Storm is the real-time processing system developed by BackType. Storm provides a set of general primitives for doing distributed real-time computation. It can be used for “stream processing”, processing messages and updating databases in real-time. This is an alternative to managing your own cluster of queues and workers.
You will need to use an external database like Cassandra or Riak with your Storm Topologies if you need persistence.
- Simple programming model. lowers the complexity of doing parallel batch processing, lowers the complexity for doing real-time processing.
- Runs any programming language. Support for other languages can be added by implementing a simple Storm communication protocol.

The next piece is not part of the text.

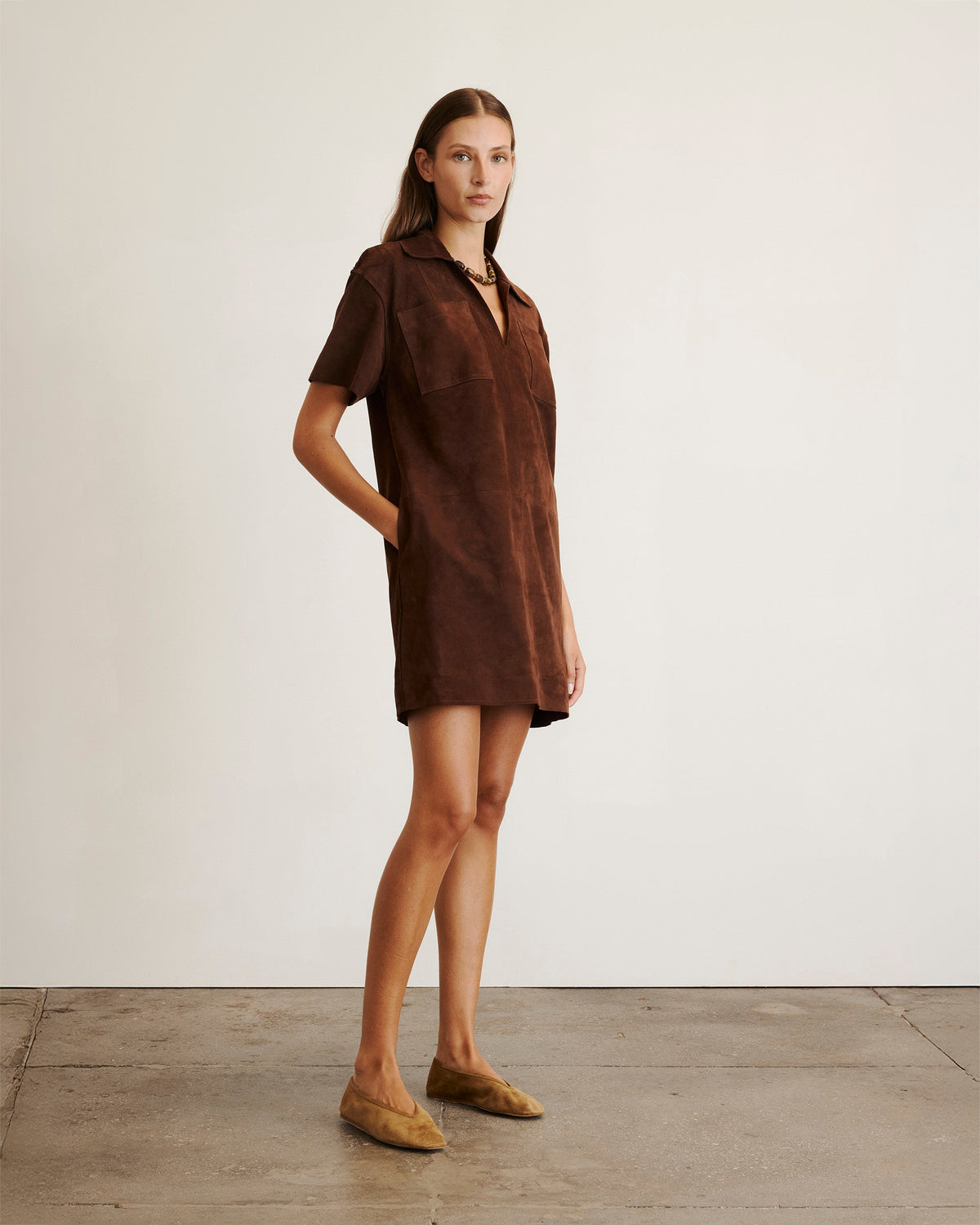 Tabby Dress in Chocolate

- Fault-tolerant. Storm manages worker processes and node failures.
- Horizontally scalable. Computations are done in parallel using multiple threads, processes and servers.
- Guaranteed message processing. Storm guarantees that each message will be fully processed at least once.
- Fast. The system is designed so that messages are processed quickly and uses ØMQ as the underlying message queue.
- Local mode. Storm has a “local mode” (meant for development and unit testing) where it simulates a Storm cluster completely in-process
The Storm cluster is composed of a master node and worker nodes. The master node runs a daemon called “Nimbus” which is responsible for distributing code, assigning tasks, and checking for failures. Nimbus and Supervisor daemons are handled by Apache Zookeeper.
Use case of STORM
Storm has a wide range of use cases:
- Stream processing: processing a stream of new data and updating databases in real time.
- Continuous computation: streaming the results of a query to clients to visualize in real time.
- Distributed RPC: computing an intense query on the fly in parallel.